1.1 1.1 Data

2

When you complete this section, you will be able to:

  • Give examples of cases in a data set.

  • Identify the variables in a data set.

  • Demonstrate how a label can be used as a variable in a data set.

  • Identify the values of a variable.

  • Classify variables as categorical or quantitative.

  • Describe the key characteristics of a set of data.

  • Explain how a rate is the result of adjusting one variable to create another.

A statistical analysis starts with a set of data. We construct a set of data by first deciding what cases, or units, we want to study. For each case, we record information about characteristics that we call variables.

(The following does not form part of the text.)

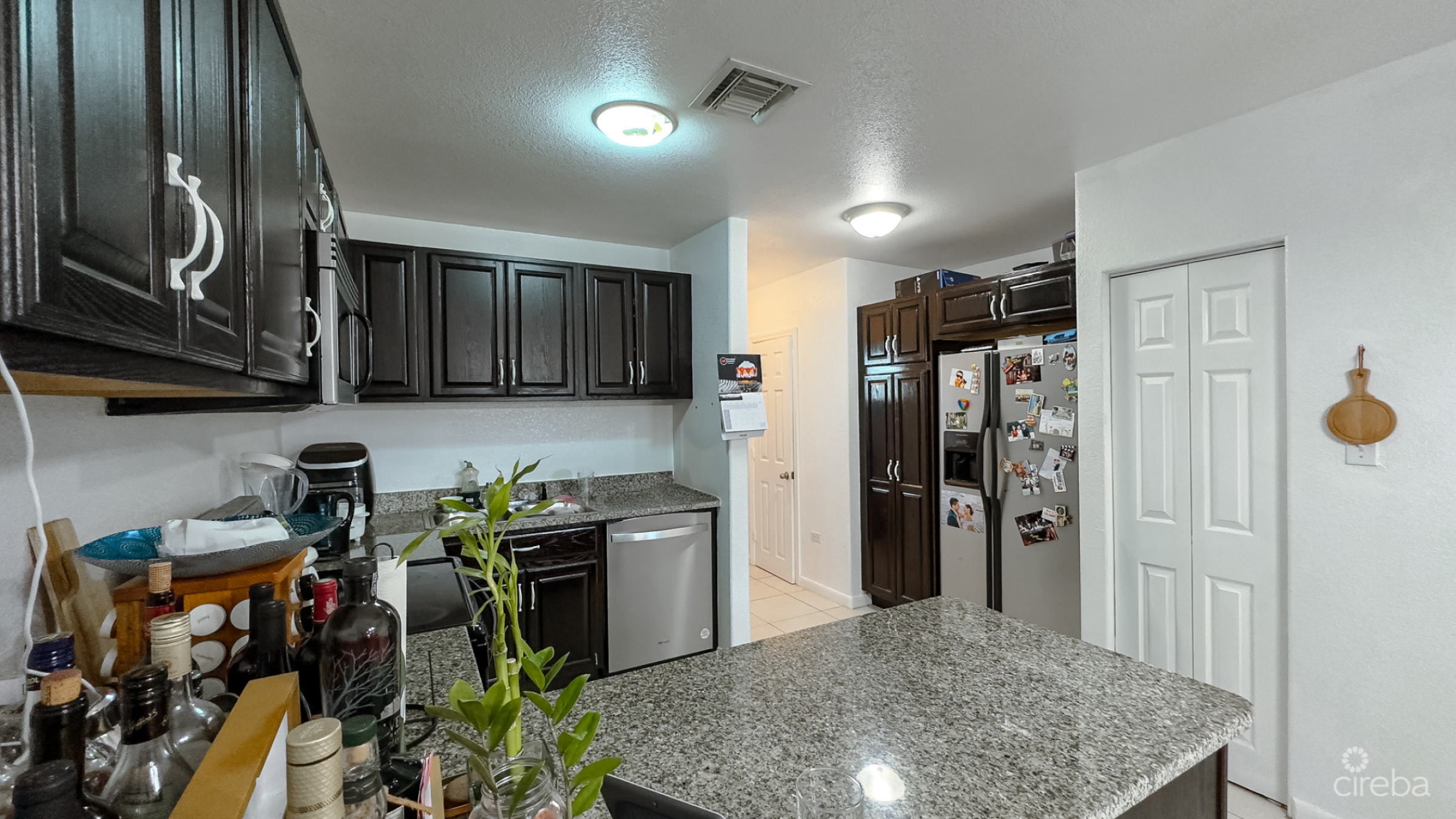 Mizpah Townhouse West Bay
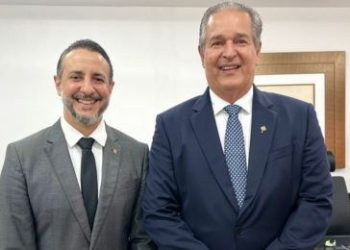 Desembargador José Aras toma posse como membro substituto do TRE-BA para o biênio 2025-2027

CASES, LABELS, VARIABLES, AND VALUES

Cases are the objects described by a set of data. Cases may be customers, companies, subjects in a study, units in an experiment, or other objects.

A label is a special variable used in some data sets to distinguish the different cases.

A variable is a characteristic of a case.

Different cases can have different values of the variables.

EXAMPLE 1.1

Restaurant discount coupons. A website offers coupons that can be used to get discounts for various items at local restaurants. Coupons for food are very popular. Figure 1.1 gives information for seven restaurant coupons that were available for a recent weekend. These are the cases. Data for each coupon are listed on a different line, and the first column has the coupons numbered from 1 to 7. The remaining columns gives the type of restaurant, the name of the restaurant, the item being discounted, the regular price, and the discount price.

COUPONS

image
Figure 1.1: Figure 1.1 Spreadsheet of food discount coupons, Example 1.1.

3

Some variables, like the type of restaurant, the name of the restaurant, and the item simply place coupons into categories. The regular price and discount price columns have numerical values for which we can do arithmetic. It makes sense to give an average of the regular prices, but it does not make sense to give an “average” type of restaurant. We can, however, do arithmetic to compare the regular prices classified by type of restaurant.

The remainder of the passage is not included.